-- WHAT IS NEEDED --
Write out, word for word, every line in the data below from the one containing "Culottes hippie pour" to the one containing "a view of an", both of them included.

-- DATA --
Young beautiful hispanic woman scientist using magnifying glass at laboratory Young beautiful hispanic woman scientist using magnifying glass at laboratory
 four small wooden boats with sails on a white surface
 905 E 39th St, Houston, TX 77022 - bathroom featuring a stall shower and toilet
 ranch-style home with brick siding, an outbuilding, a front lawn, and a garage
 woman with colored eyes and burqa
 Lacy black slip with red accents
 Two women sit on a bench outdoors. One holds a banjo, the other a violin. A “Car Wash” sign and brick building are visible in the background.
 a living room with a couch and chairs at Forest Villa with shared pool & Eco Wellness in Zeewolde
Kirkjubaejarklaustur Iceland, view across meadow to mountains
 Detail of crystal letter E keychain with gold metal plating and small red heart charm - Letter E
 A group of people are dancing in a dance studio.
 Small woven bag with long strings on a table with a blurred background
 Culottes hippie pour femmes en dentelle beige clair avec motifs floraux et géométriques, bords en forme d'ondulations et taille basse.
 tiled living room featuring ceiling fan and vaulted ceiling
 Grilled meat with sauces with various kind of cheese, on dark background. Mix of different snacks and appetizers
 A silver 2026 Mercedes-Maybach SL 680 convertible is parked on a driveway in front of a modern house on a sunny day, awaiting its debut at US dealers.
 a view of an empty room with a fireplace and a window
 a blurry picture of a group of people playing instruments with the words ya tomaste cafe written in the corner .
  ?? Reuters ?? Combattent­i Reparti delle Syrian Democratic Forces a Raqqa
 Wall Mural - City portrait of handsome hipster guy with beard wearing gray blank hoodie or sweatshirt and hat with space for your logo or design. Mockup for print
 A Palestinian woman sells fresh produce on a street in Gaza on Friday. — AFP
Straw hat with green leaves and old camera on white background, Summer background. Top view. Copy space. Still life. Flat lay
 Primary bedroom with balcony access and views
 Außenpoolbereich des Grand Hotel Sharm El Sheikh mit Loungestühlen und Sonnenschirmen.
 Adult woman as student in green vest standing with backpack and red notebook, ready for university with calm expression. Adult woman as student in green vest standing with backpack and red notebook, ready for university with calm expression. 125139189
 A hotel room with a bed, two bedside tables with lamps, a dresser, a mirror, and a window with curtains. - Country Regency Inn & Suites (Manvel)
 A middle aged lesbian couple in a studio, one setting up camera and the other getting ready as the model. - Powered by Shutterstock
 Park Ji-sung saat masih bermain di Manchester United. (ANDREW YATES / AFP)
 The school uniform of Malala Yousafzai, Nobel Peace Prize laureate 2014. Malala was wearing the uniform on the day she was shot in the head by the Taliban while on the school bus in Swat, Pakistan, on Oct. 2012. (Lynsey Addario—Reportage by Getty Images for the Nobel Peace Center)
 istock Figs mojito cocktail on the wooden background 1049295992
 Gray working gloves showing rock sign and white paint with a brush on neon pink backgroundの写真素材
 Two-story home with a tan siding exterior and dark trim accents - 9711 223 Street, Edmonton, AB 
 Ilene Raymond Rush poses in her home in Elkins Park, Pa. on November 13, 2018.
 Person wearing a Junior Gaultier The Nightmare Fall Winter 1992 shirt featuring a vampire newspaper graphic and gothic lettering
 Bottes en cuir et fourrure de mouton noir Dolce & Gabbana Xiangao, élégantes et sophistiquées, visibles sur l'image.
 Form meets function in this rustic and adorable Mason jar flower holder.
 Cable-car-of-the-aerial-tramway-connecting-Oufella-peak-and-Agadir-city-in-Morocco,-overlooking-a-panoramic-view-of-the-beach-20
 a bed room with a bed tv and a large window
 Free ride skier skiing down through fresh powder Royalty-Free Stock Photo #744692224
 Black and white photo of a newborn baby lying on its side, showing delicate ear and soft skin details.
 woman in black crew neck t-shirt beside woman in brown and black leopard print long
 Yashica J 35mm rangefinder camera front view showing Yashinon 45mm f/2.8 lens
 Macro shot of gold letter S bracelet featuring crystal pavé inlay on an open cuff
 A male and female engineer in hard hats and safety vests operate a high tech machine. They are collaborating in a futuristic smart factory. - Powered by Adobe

-- EXERCISE RESULT --
 Culottes hippie pour femmes en dentelle beige clair avec motifs floraux et géométriques, bords en forme d'ondulations et taille basse.
 tiled living room featuring ceiling fan and vaulted ceiling
 Grilled meat with sauces with various kind of cheese, on dark background. Mix of different snacks and appetizers
 A silver 2026 Mercedes-Maybach SL 680 convertible is parked on a driveway in front of a modern house on a sunny day, awaiting its debut at US dealers.
 a view of an empty room with a fireplace and a window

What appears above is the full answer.